[Exercise inputs Boundary: Start]
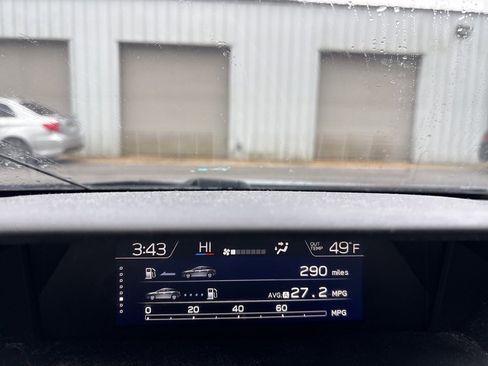 Used 2020 Subaru Crosstrek 2.0i Limited w/ Moonroof Package w/Navigation image 16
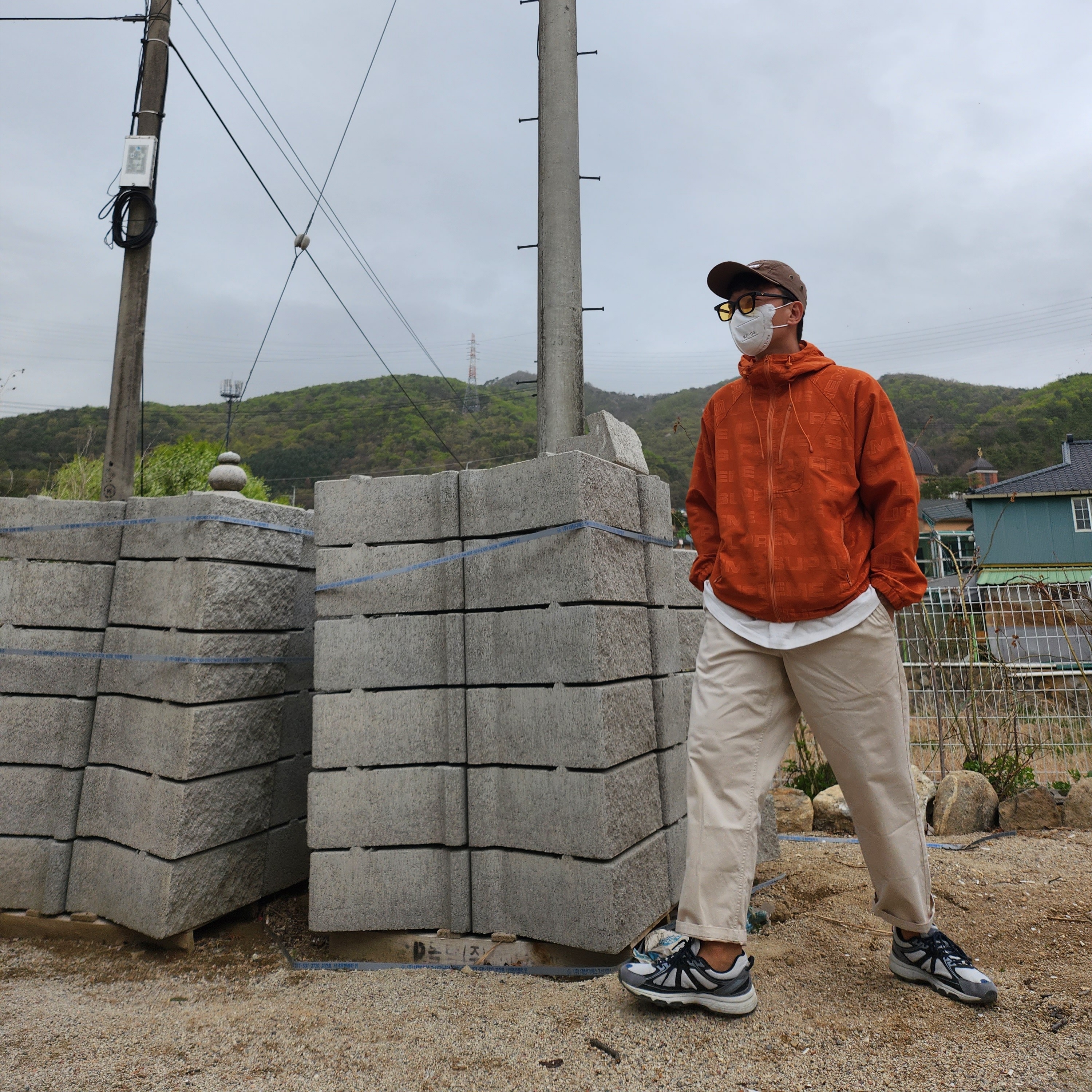 Supreme Logo Ripstop Hooded Track Jacket Orange - 21FW, Asics Gel-Venture 6 SPS Glacier Grey 착용 스타일 - 2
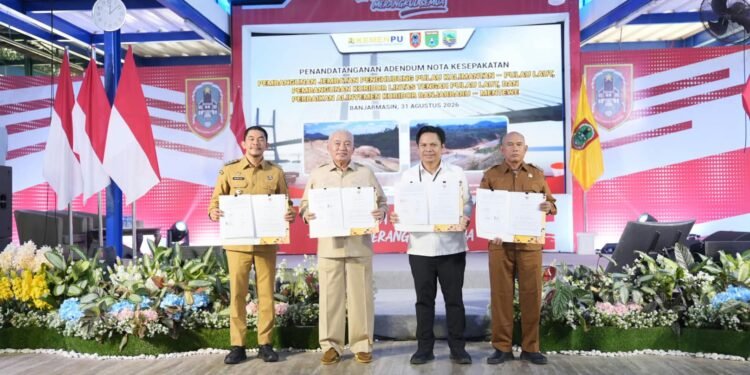 Bupati Kotabaru Lakukan Penandatanganan Adendum Nota Kesepakatan Bersama Proyek Strategis di Kal-Sel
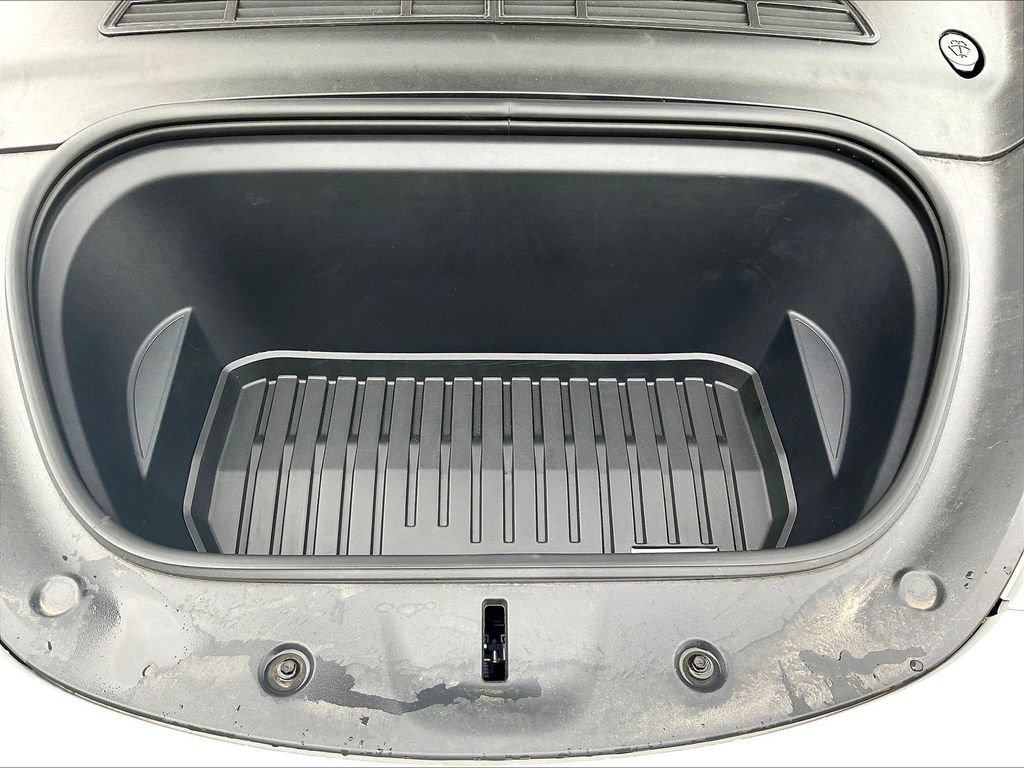 Used 2022 Tesla Model Y Long Range AWD/4WD image 29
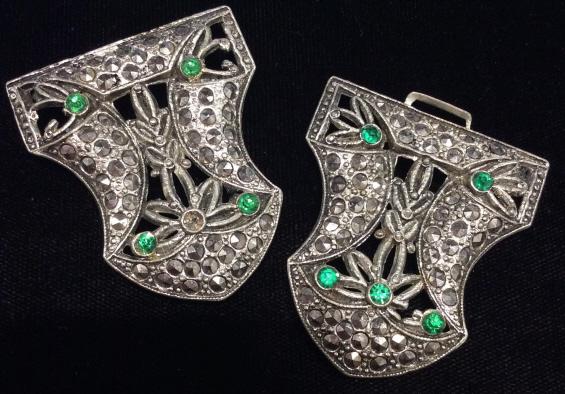 Green tnd Rhinestones and Marcasite Belt Buckle: Silver toned metal, marcasite and rhinestone details, floral open metal work design, missing rhinestone some minor surface wear. Pieces measure approx 2 in long, 4 in long put together, 1 1/2 in wide.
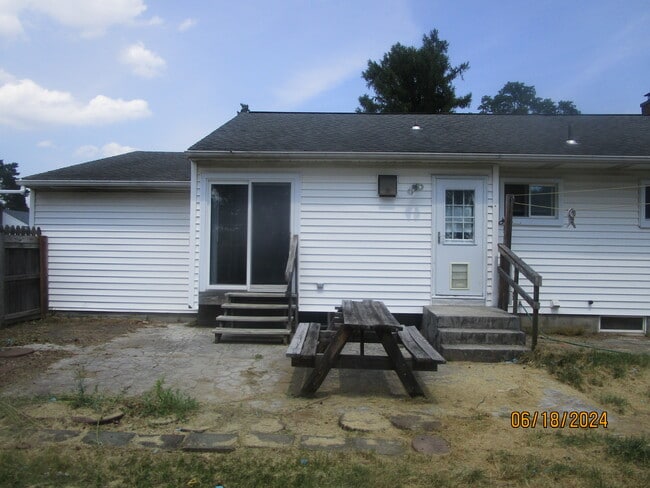 Building Photo - 33 Krug Ct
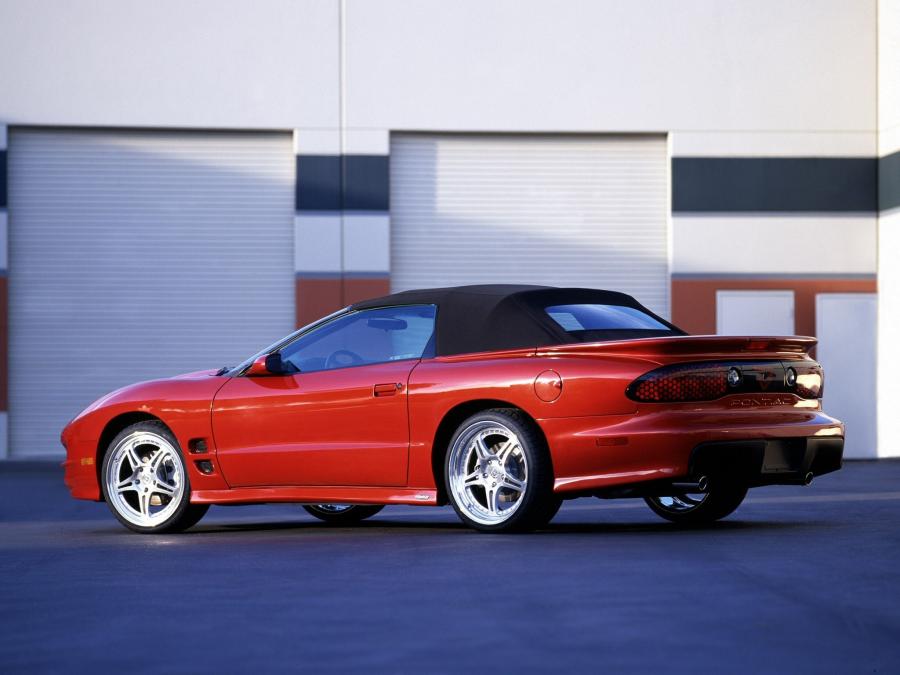  Pontiac Firebird Raptor Concept 2001 года  (фото 2 из 4)
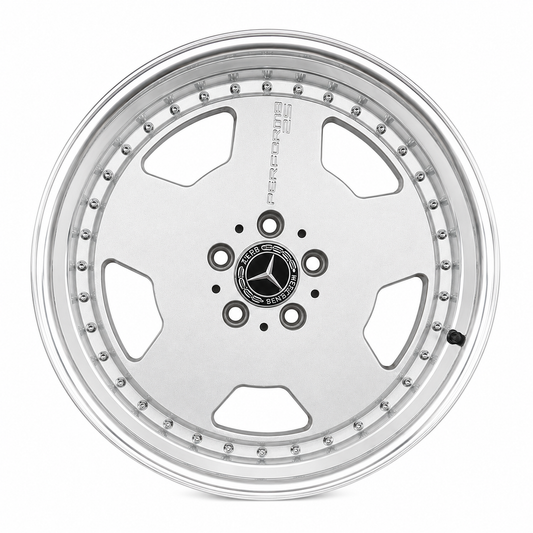 18 inch Mercedes AMG Aero style silver wheel rim front view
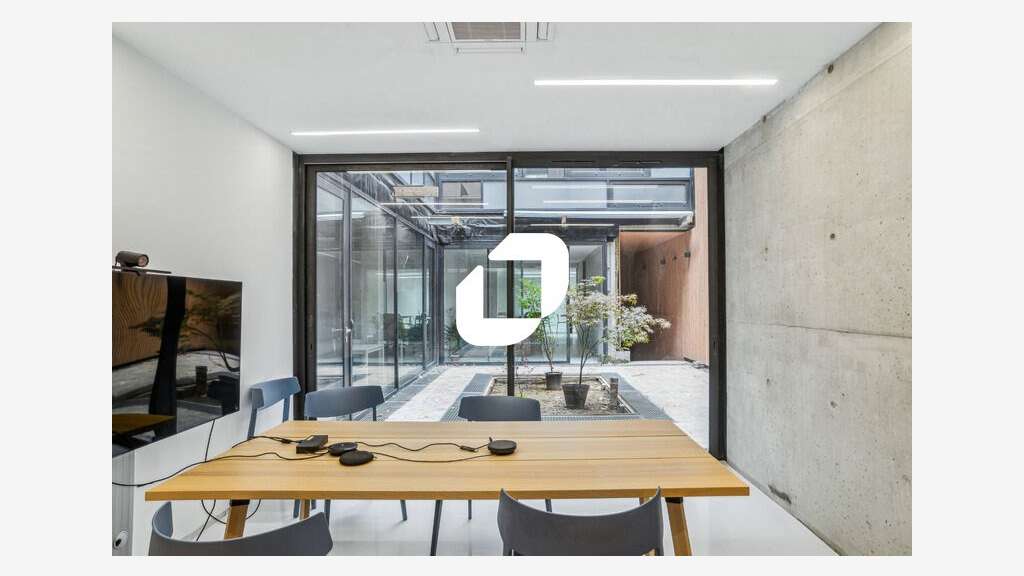 A louer Bureaux 1319m² Paris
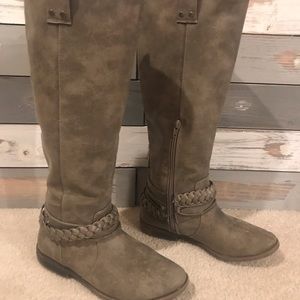 Rampage soft gray boots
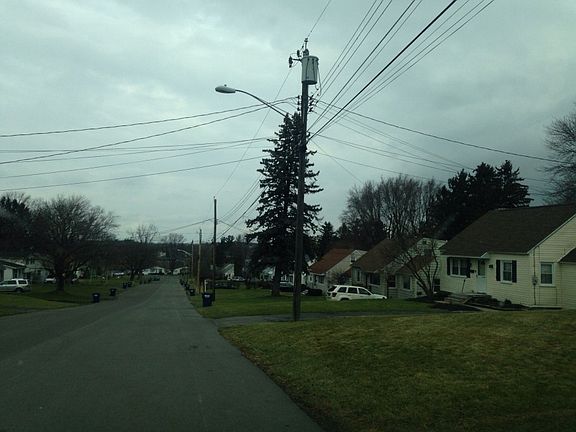 4th image of 127 Terrace Dr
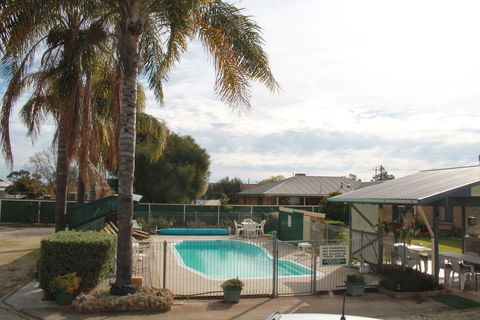 Lone Pine Motel - Corowa - Accommodation Kalgoorlie 2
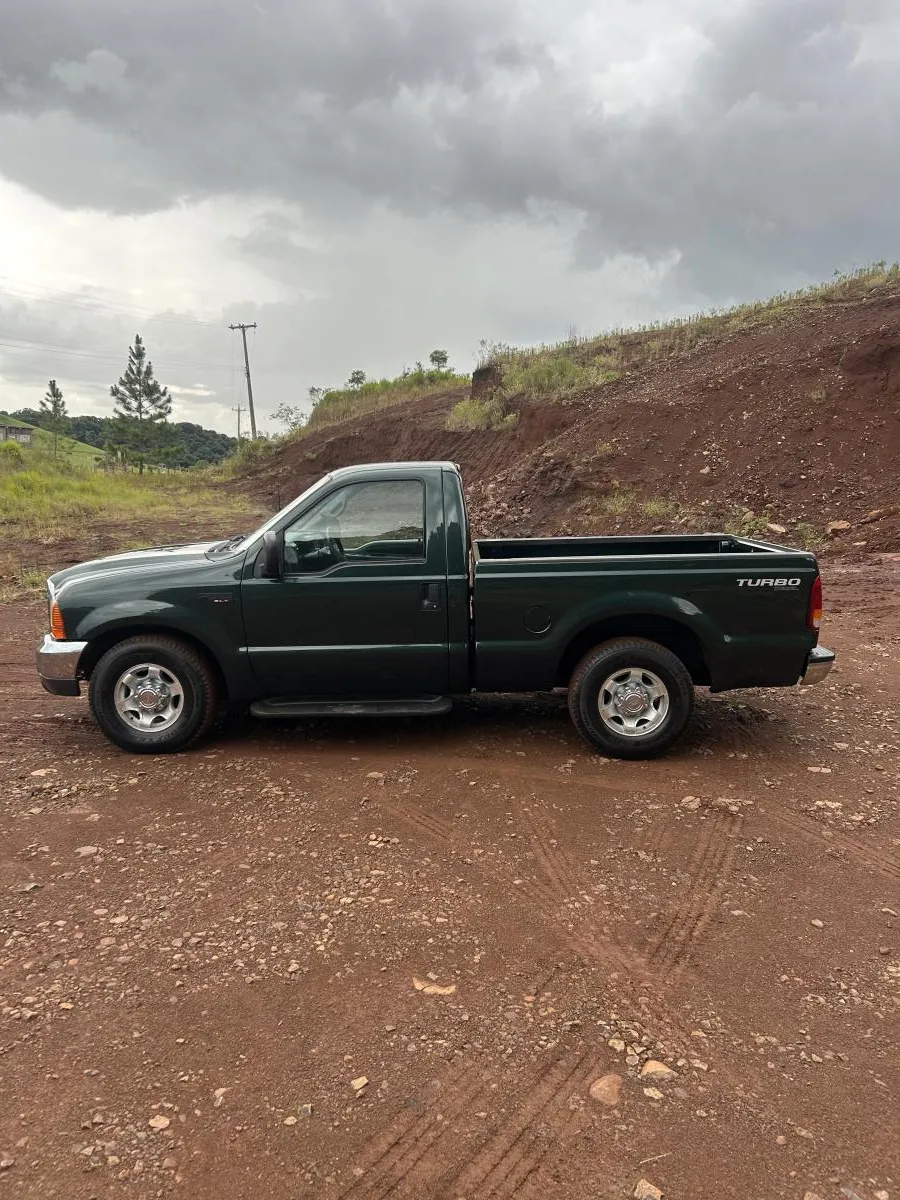 F250 - Foto #3 do anúncio à venda de Carro clássico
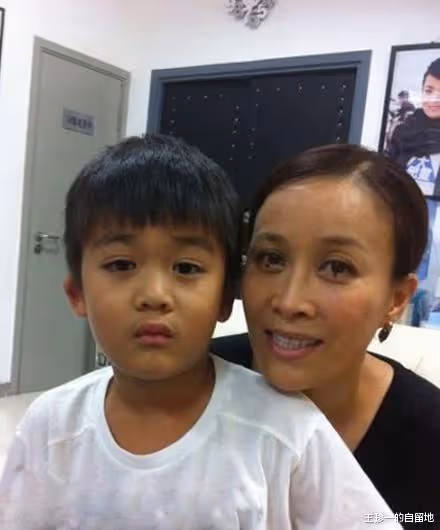 「歌壇大姐大」那英的連環情事，和她身後的6個男人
[Exercise inputs Boundary: End]
◆ What the exercise asks
A word-for-word copy is needed of the lines from the line with "Lone Pine Motel" through the last line of the entries above, with both ends kept and the pictures dropped.

◆ Task answer
 Lone Pine Motel - Corowa - Accommodation Kalgoorlie 2
 F250 - Foto #3 do anúncio à venda de Carro clássico
 「歌壇大姐大」那英的連環情事，和她身後的6個男人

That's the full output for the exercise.